4.4 XSS (known risk from spec)

#	Test	Given / When / Then	Priority
4.4.1	Licence field escaped	Given `meta.licence` containing `<script>alert(1)</script>` / When published HTML rendered / Then script tag is escaped or stripped	P0
4.4.2	Bibliography HTML sanitized	Given biblioHtml containing malicious script / When injected into published page / Then script is escaped or stripped	P0

5. AI Agent - Plumbing (P1)

We do NOT test LLM output quality.
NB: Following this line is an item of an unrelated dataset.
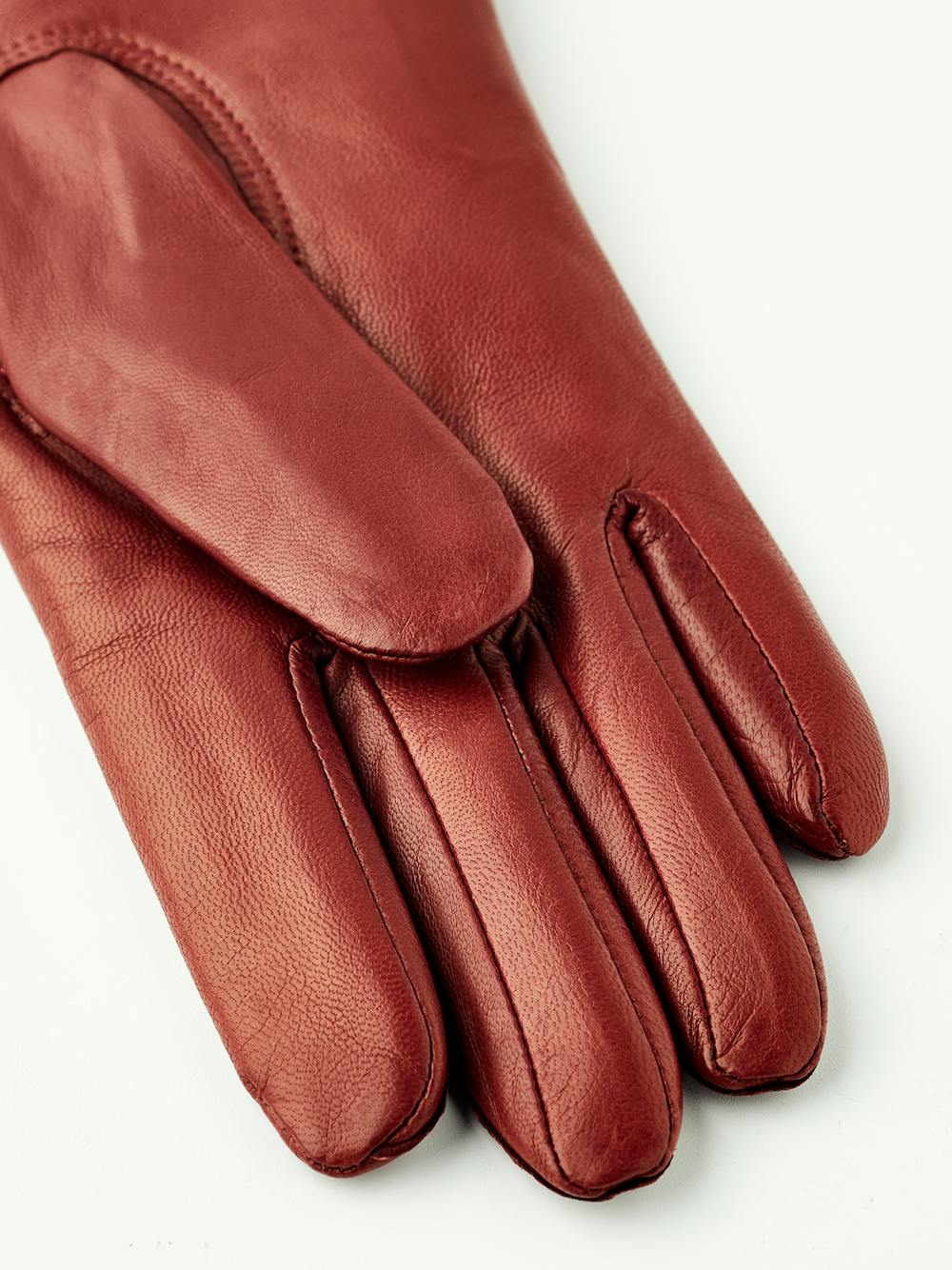 Brown-red machine-sewn hairsheep leather glove with knitted cuff
 (3 of 4)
We test the infrastructure around it.

5.1 Context building

#	Test	Given / When / Then	Priority
5.1.1	Context includes doc text	Given a doc with content / When building chat context / Then context object contains document text	P1
5.1.2	Context includes selection	Given a text selection / When building chat context / Then context object contains selection text and position	P1
5.1.3	Context includes frontmatter	Given doc with title and authors / When building chat context / Then context object contains frontmatter fields	P1

5.2 Tool execution (client-side)

#	Test	Given / When / Then	Priority
5.2.1	replaceSelection applies	Given a selection in the editor / When replaceSelection tool called with new text / Then selection is replaced in the TipTap doc	P1
5.2.2	applyDiff does search/replace	Given doc with "Hello world" / When applyDiff called with search="world" replace="editor" / Then doc contains "Hello editor"	P1
5.2.3	updateFrontmatter modifies map	Given frontmatter with title "Old" / When updateFrontmatter called with title="New" / Then `Y.Map("frontmatter").get("title")` is "New"	P1

5.3 Undo batching

#	Test	Given / When / Then	Priority
5.3.1	Agent edits batch into one undo	Given agent executes 3 tool calls (replaceSelection + applyDiff + updateFrontmatter) / When user presses Cmd+Z once / Then all 3 changes are reverted	P0
5.3.2	Manual edits not in agent batch	Given user types text then agent edits / When user presses Cmd+Z / Then only agent edits are reverted, user text remains	P1

What we do NOT test (and why)

Area	Reason
Yjs real-time sync	Yjs/Hocuspocus are mature libs - testing their CRDT sync is noise
Visual rendering of components	Project evolves too fast, snapshot tests would break constantly
PDF generation (Playwright)	Heavy dependency, visual output - better as a manual smoke test
Slash commands / Bubble toolbar	UI that will change - covered by the opt-in Playwright suite instead of the hermetic one
CSS architecture	Not meaningfully unit-testable
TipTap extension registration	Framework internals, not business logic

Summary

Section	P0 tests	P1 tests	Total
1. Publisher Pipeline	8	4	12
2. Persistence / Storage	4	3	7
3. API Routes	2	6	8
4. Auth / Security	5	2	7
5. AI Agent	1	7	8
Total	20	22	42

Start with the 20 P0 tests. They cover the "if this breaks, we lose data or trust" surface. Add P1 tests as the codebase stabilizes.